**GIVEN DATA**
════════════════
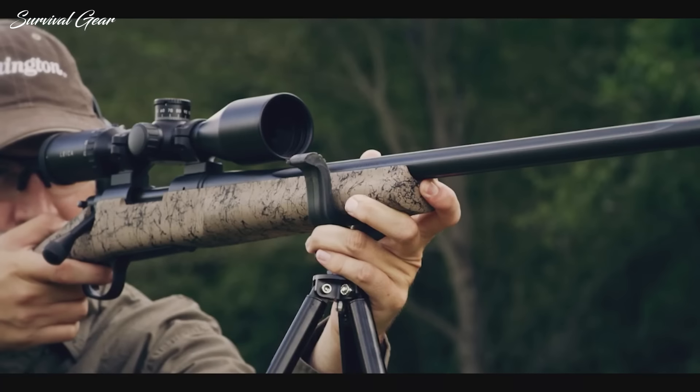That makes it an ideal choice for those who want to hunt large game like elk at extended ranges. This round is also very accurate — if you want to shoot targets out to 1,000 yards or more, Nosler has the goods to get you there. Recoil is stiff, but not unmanageable or even unpleasant for experienced shooters.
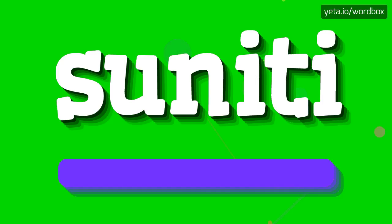Sun-ighty. Sun-ighty. And now slower: Sun-ighty.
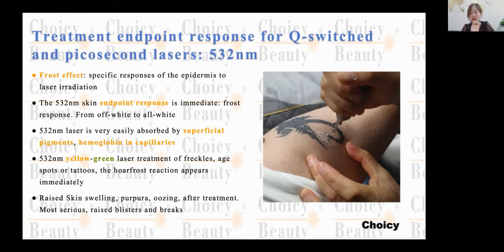532 is a yellow-green color laser. The treatment can be done for freckles, age spots, or tattoos. Gross effects can also appear in the tattoo area.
════════════════
**ASSIGNED TASK**
Apart from the pictures, restate all of the listing above exactly.

**EXERCISE ANSWER**
That makes it an ideal choice for those who want to hunt large game like elk at extended ranges. This round is also very accurate — if you want to shoot targets out to 1,000 yards or more, Nosler has the goods to get you there. Recoil is stiff, but not unmanageable or even unpleasant for experienced shooters.
Sun-ighty. Sun-ighty. And now slower: Sun-ighty.
532 is a yellow-green color laser. The treatment can be done for freckles, age spots, or tattoos. Gross effects can also appear in the tattoo area.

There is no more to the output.